After writing two chapters of TEOH, I took time off to study the publishing world.  The standard advice for a non-fiction book is to (1) get an agent, (2) submit a book proposal, including two completed chapters, to editors at publishing houses.  That was my intended path for quite a long time.  Eventually, I came to feel that this isn’t the right choice for me.  I am going to write first, publish later.

What is the point of submitting a book proposal to publishers before the book is finished?  For most writers, it is to find out whether the book is worth finishing.  If the proposal does not attract publishing interest, the writer will drop the book and try another one.  I don’t need that kind of approval.  I am committed to writing TEOH whether anybody ever publishes it or not!  It’s a personal life goal for me.

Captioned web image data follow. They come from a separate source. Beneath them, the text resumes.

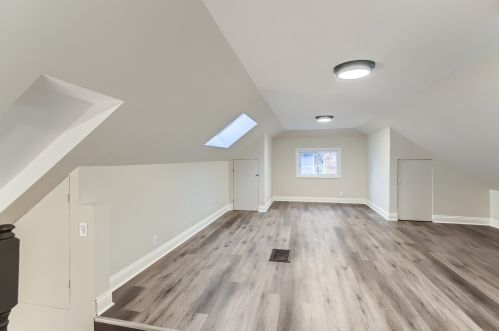 2108 1st Ave, Broadview IL 60153-3304 exterior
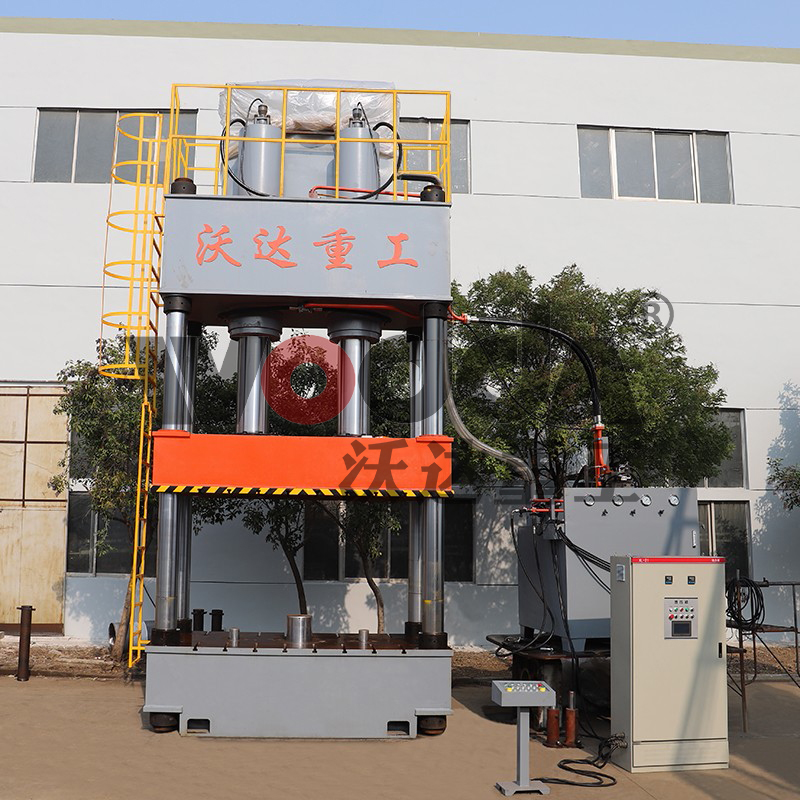 四柱油壓(ya)機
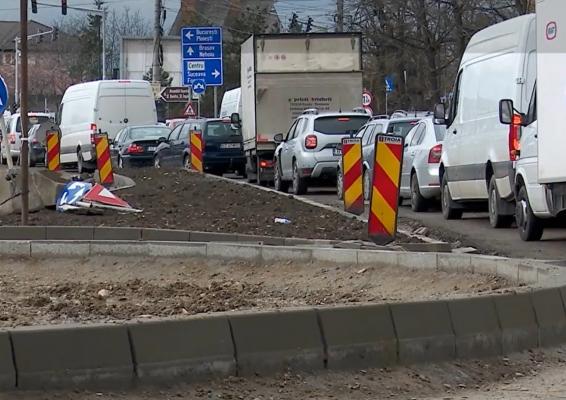"Dorel" loveşte din nou. Un sens giratoriu din Buzău, refăcut de la zero la câteva zile de la inaugurare: "Strâmb, strâmb, era ca din desene animate"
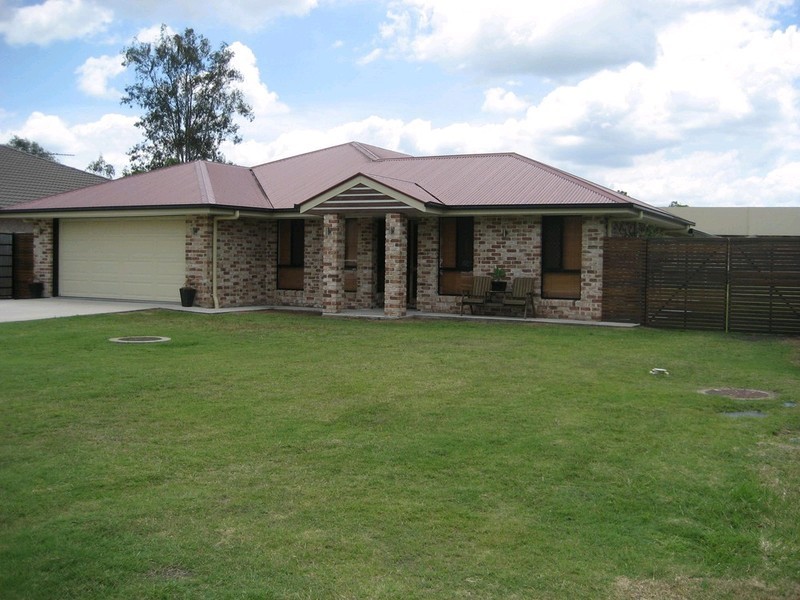 36 Piccadilly Court, Deebing Heights QLD 4306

For some authors, a publishing contract provides an advance on royalties — a sizeable up-front payment.  This can help pay for research and travel.  If an author has a good relationship with the publisher, his advance can even buy him six months to a year of free time to focus on the book!  That wouldn’t apply to me, though.  I’m a non-famous, first-time writer.  I’d be lucky to get a publishing deal, let alone an advance.  I would expect my advance to be a nice round number like zero dollars and zero cents.

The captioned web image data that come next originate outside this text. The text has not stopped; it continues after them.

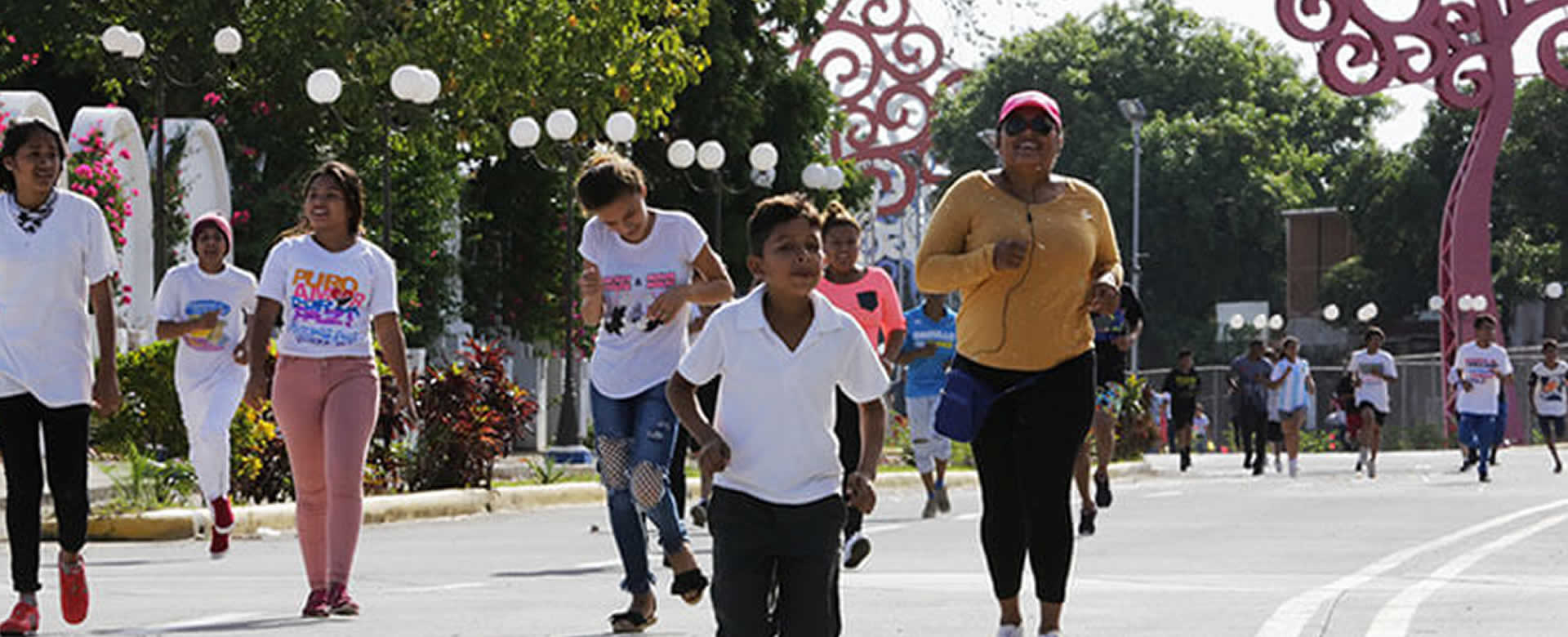 Juventud capitalina celebra la Revolución Cubana con una maratón en el Paseo Xolotlán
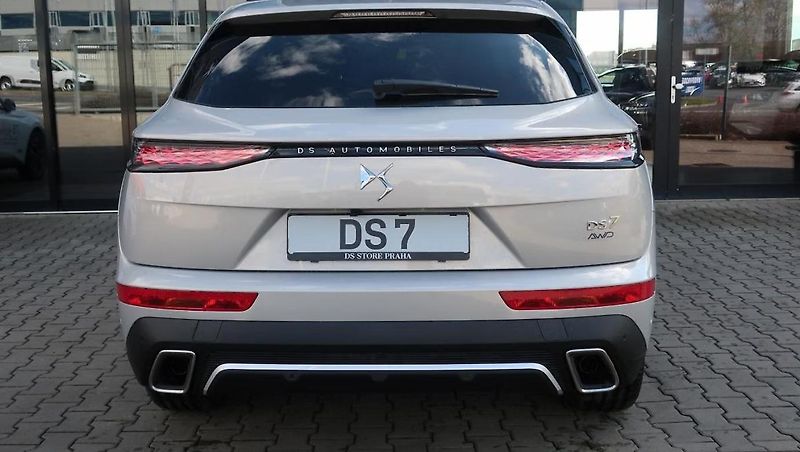DS Automobiles DS7 (2025) EDITION FRANCE PLUG-IN HYBRID - fotka 13 z 14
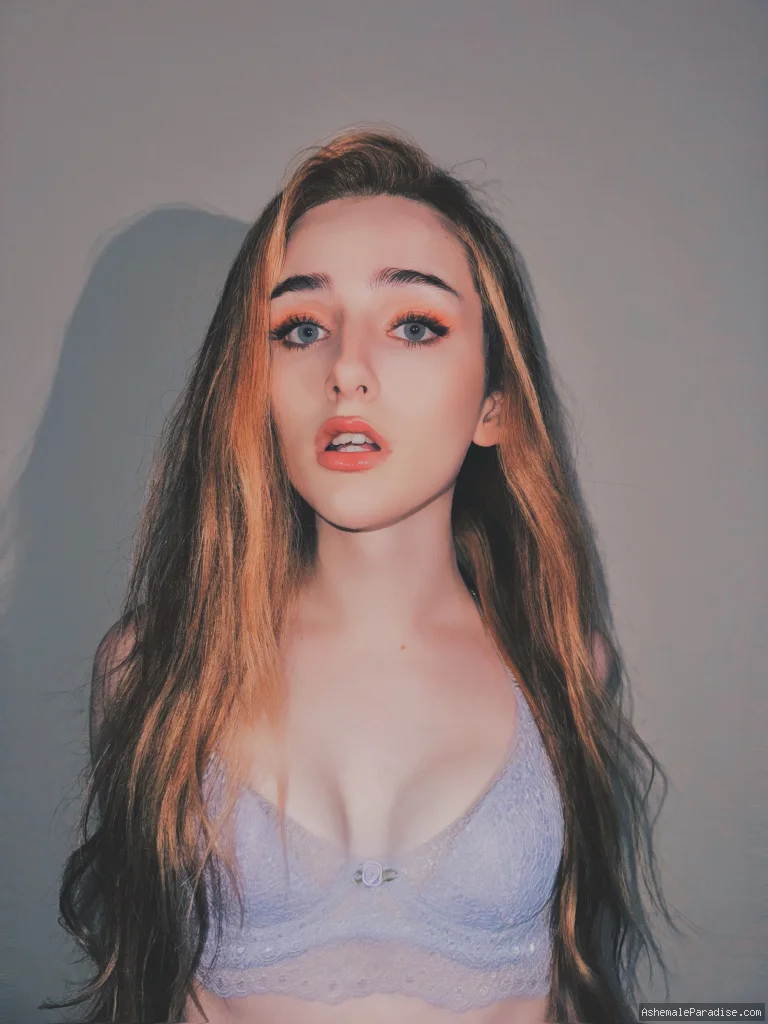 Venus Moorez — Venus Moorez — 12 fotos — Watch Venus Moorez Onlyfans pictures with an emphasis on tranny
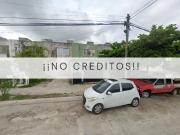 Casa en avenida Niños Héroes, Galaxia Cancún, Cancún,...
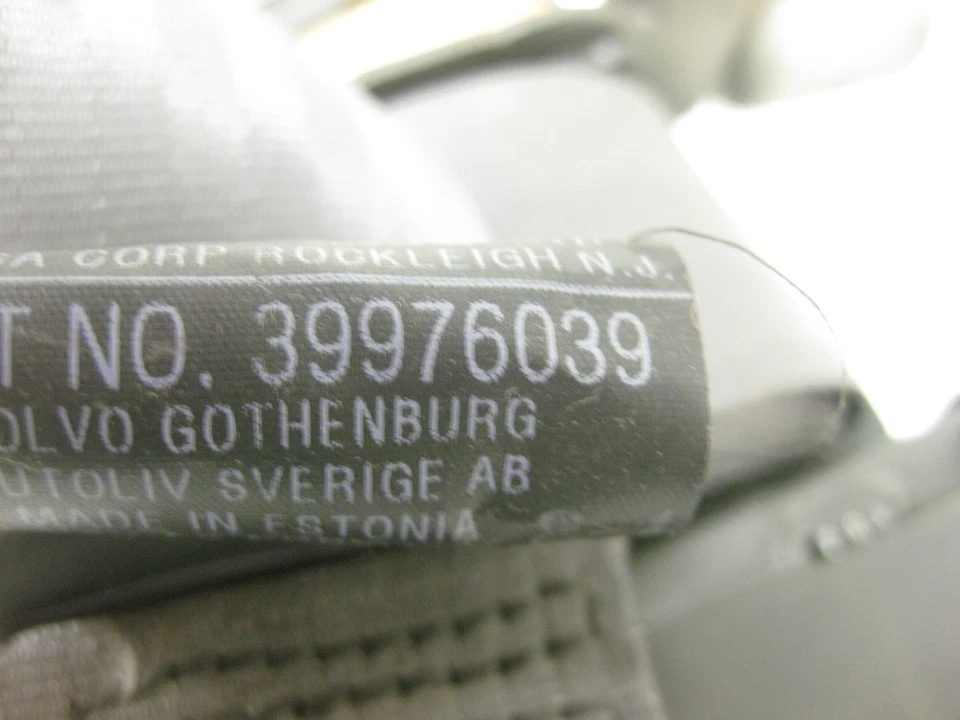 2003 沃尔沃 S60 安全带后中心 39976039 原始设备制造商 00 01 02 03 04 — 第 3/3 张图片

Chasing down agents — and then publishers — would be hard work.  I have no illusion that publishing is easy.  Rather than spend my time researching agents, calling, emailing, and arranging meetings, I’d rather be building up the book and online presence.

In fact, if I did get a publishing contract, it would instantly create time pressure.  The publisher would probably expect to see a completed draft in a year.  Without an advance, I wouldn’t have the time to devote to that.  I don’t like being hurried!  I would also be handing over artistic control while the work is still in progress.  I’d rather have the luxury of finishing the book on my own time and my own terms.  Then I can pitch it to publishers, with a completed manuscript on hand — and of course explore self-publishing options too.

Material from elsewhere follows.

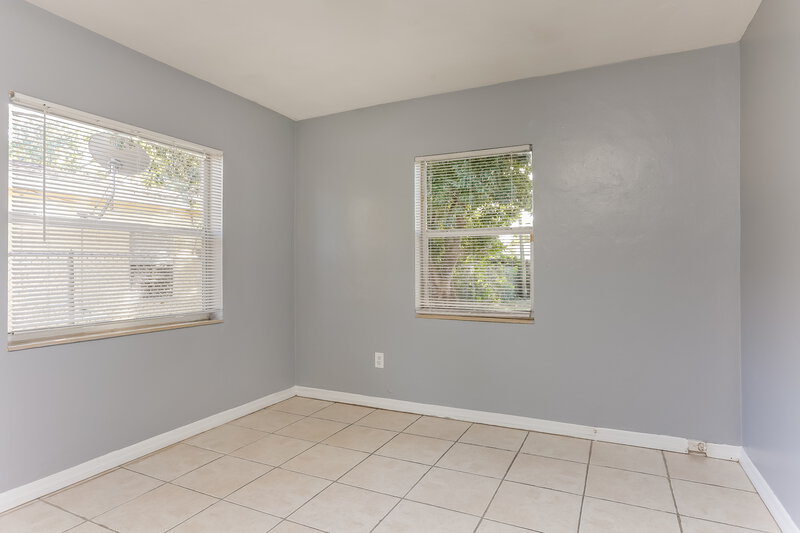 2,165/Mo, 1505 N Andrews Ave Fort Lauderdale, FL 33311 Main Bedroom View 2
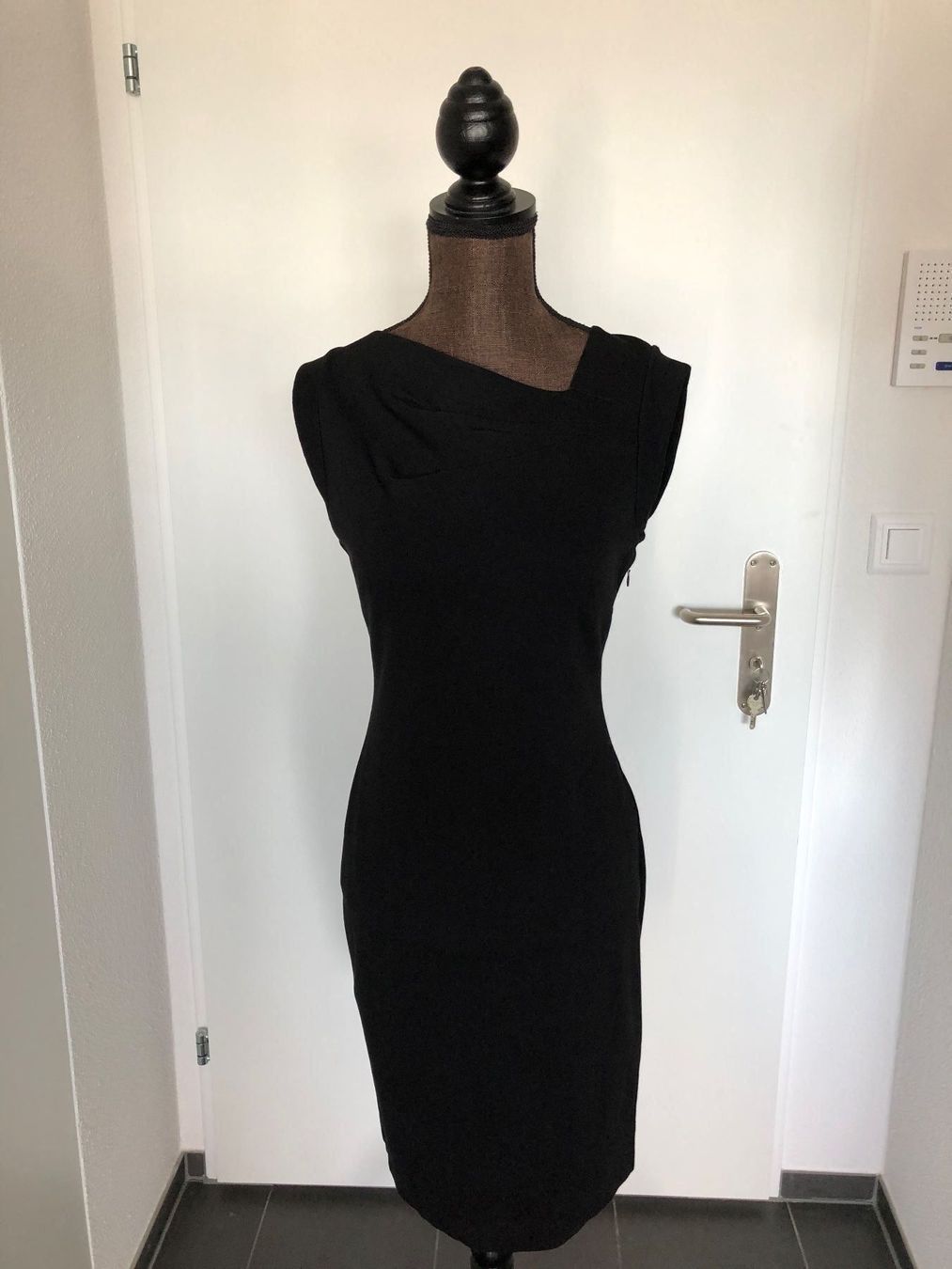 Vestiti: MANGO SUIT Kleid NEU – Usato da Winkel venduto da Luxtime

With that decision made, it was very exciting to finally get back to writing.  “Chapter 9:  The Last Few Billion Years” is now in progress!  Here is my working outline of sections:

  • Oxygen and Eukaryotes (done)
  • Sexual Reproduction, or “The unsexiest lesson about sex that you’ve ever seen.” (in progress)
  • How Sexual Evolution Works
  • From Amoeba to Amphibians
  • Continents and Climate

I liked writing the first and last chapters first.  I’m thinking that I’d like to continue that pattern, writing from the outside in.  That means “Chapter 2:  The Last Few Centuries” would follow Chapter 9.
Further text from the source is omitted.